Clinical studies follow established timelines, and the work of preparing site and participant materials typically begins at a predictable point in that process. Most study teams assume writing begins only after the protocol is approved, and often don’t consider alternatives.
Naturally, the best time to write site and participant study materials is after the protocol is finalized. A final protocol is a reliable confirmed source: visit schedules, assessments, procedures, and language will not change without an amendment. Ideally, teams would always wait for this level of stability before writing.
But there are situations where beginning the writing process early can be considered, especially when the protocol is moving through an extended period of internal review, scientific and medical governance review, operational refinements, and final quality checks.

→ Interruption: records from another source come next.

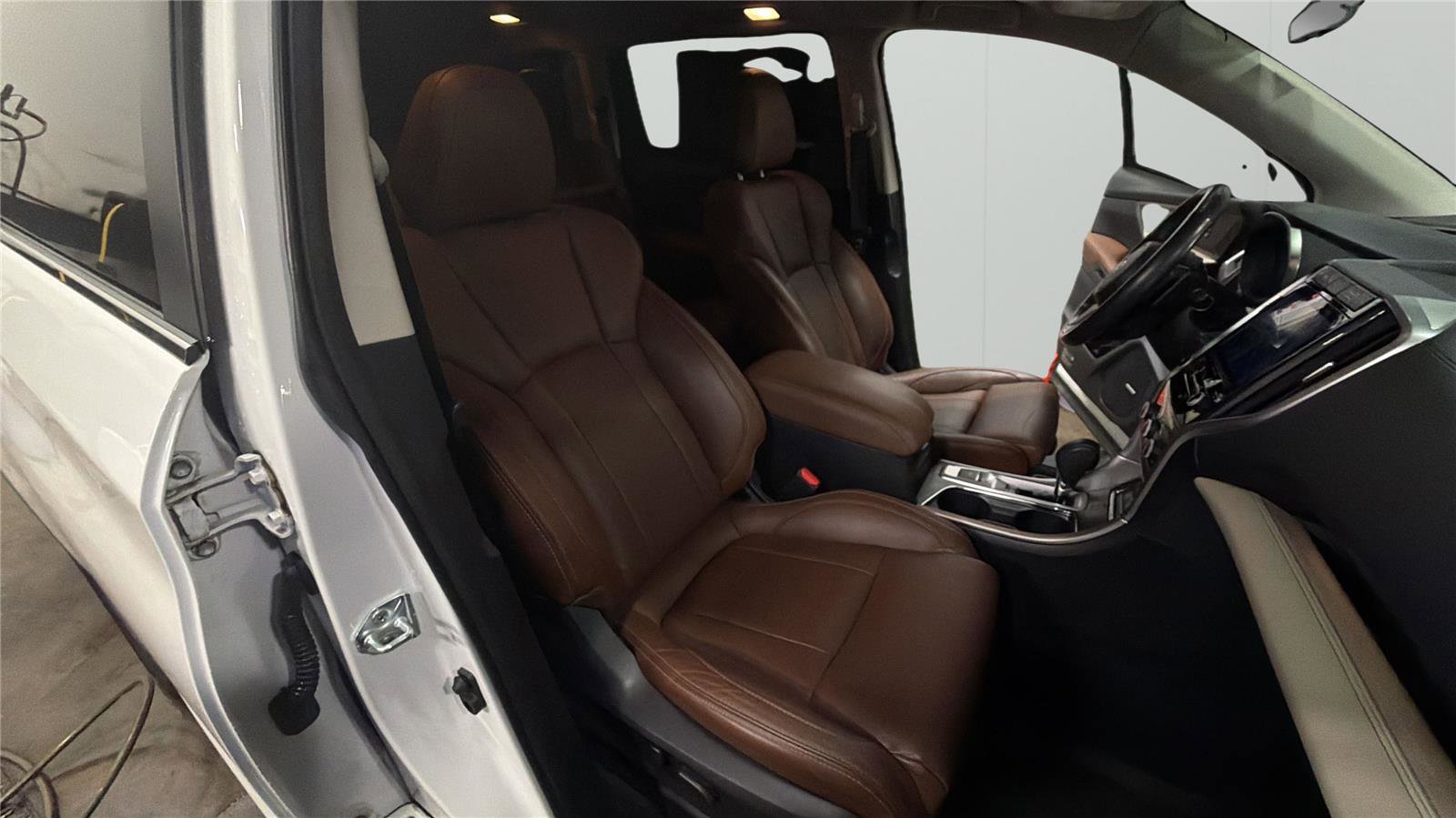 Used 2022 Subaru Ascent Touring AWD/4WD image 14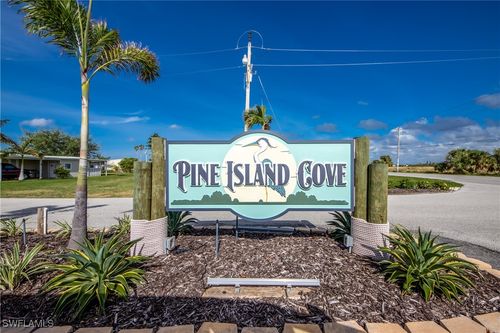 7180 Ladyfish Dr, SAINT JAMES CITY, FL, 33956-2723 | Card Image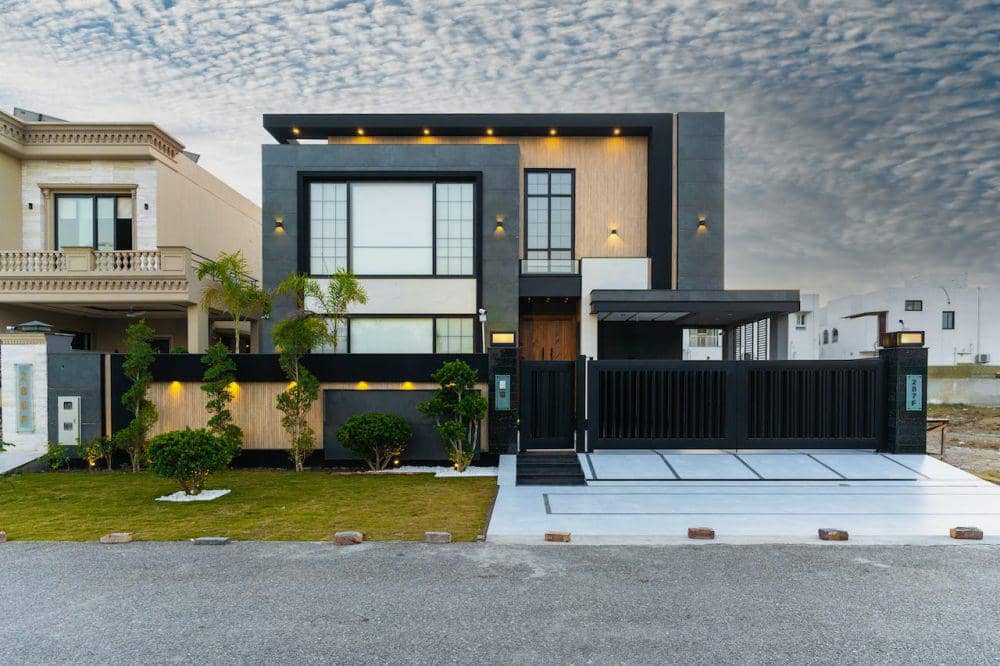 ilustrasi desain fasad rumah  dua lantai nuansa hitam (pexels.com/Muhammad Tanvir)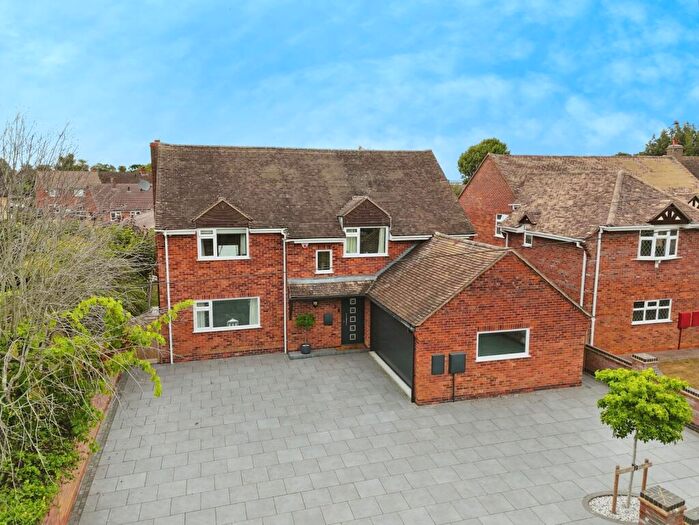 4 Bedroom Detached House For Sale In Queens Close, Leamington Spa, Warwickshire, CV33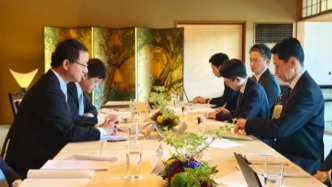外交部亞洲司司長劉勁松同日方舉行磋商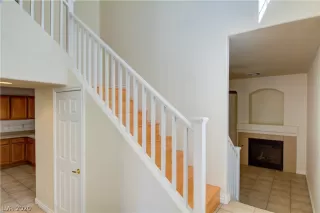 Photo #4: 2215736 Listing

Is Now a Good Time to Start Writing?
Early writing becomes appropriate when the research protocol is stable enough that its core structure is unlikely to change. Once the visit schedule, major assessments, and overall study flow are reasonably established, teams can begin shaping the research materials with the understanding that the content will be reviewed and updated where necessary later.
Getting started early with your digital and print materials helps in two key ways that directly affect timelines and workload:
Momentum
When the protocol is finalized, instead of starting from scratch with a blank page, you’re well into the writing process and closer to the finish line.
Visibility
Early writing is an opportunity to assess formats and word‑count realities and make decisions early. For example, a trifold brochure may need to become a four‑panel piece or even a booklet once you see the level of detail that’s required. Or you might decide it will be more user-friendly to create separate visit guides for the main study and the extension study. This phase also gives designers enough information to begin shaping concepts, and placing draft text into early layouts helps reveal how content will fit and flow.
Practical Tips for Working From a Draft Clinical Trial Protocol
These tips can help keep your drafts accurate while the protocol is still evolving:
- Indicate the source on every document. Add a simple line at the top of each document, such as “Written from protocol version dated [YYYY/MM/DD].” This makes it clear that the content is not final and that it needs to be checked and updated.
- Expect reviewers to work ahead of the protocol. It’s common for reviewers to incorporate changes they know are coming, such as an added visit, an extra blood draw, or a new assessment, even if those updates aren’t yet reflected in the draft protocol. This is why early drafts sometimes contain a mix of protocol language and assumptions, and why each document will need to be checked in its entirety later.
Once the Protocol Is Final
Once the protocol is approved, your materials need to be brought into full alignment. Treating this as a fresh and full review, not a quick patch, ensures your documents accurately reflect the study.
It is important to review every word of every piece, even the simplest items like thank-you cards and appointment cards, to verify their accuracy. And even if you know that the only change between the draft and the final is, say, one more blood draw at Visit 6, resist the temptation to make that single update and call it done. Check everything.
Why Writing Clinical Study Materials From Early Protocol Versions Works
Early writing can help reduce the crush of work that follows protocol approval and give teams the clarity they need to make early decisions about format, flow, and workload.
When handled with a thorough check after the protocol is approved, early writing becomes one of the simplest ways to keep study materials accurate, aligned, and on schedule.
Writing without an approved protocol is not the ideal way to work, and we don’t recommend it as a standard process. But early writing can be effective when it’s supported by clear version control and a disciplined reconciliation process. With the right checks in place once the protocol is approved, teams can use early drafts to maintain momentum without compromising accuracy.
How Imperial Supports Early Writing
Imperial’s writers, editors, and designers work directly from draft protocols when early writing makes sense and the protocol structure is reasonably stable. When the approved protocol arrives, we perform a full reconciliation across every piece to ensure accuracy before materials move into production.
This disciplined approach can help meet timelines and give study teams confidence that all participant and site materials reflect the final approved protocol.
If your protocol is still moving through reviews, it may be a good time for Imperial to begin shaping your materials so you’re not starting from zero when the final version arrives. We’re happy to discuss your timeline and determine whether early writing is appropriate for your study.
Quick Q&A: Common Questions About Early Writing
1. Can study materials be written before the protocol is finalized?
Yes. While the ideal time to write is after approval, early writing can be considered when the protocol’s core structure is stable and the review period is lengthy. The key is understanding that all early drafts will require a full reconciliation once the final protocol arrives.
2. What parts of the protocol need to be stable before early writing begins?
The visit schedule, major assessments, and overall study flow should be reasonably established. These elements shape both digital and print materials, so they need to be far enough along that major structural changes are unlikely.
3. What are the advantages of starting early?
Early writing helps teams maintain momentum and reduces the volume of work that typically accumulates after protocol approval. It also provides early visibility into format, layout, and word-count needs. This is especially helpful for print pieces that require specific space and design considerations.
4. How do teams ensure accuracy if they start from a draft protocol?
Accuracy comes from disciplined version control and a full, line‑by‑line reconciliation once the protocol is approved. Every piece, no matter how simple, should be reviewed against the final protocol to ensure all details match.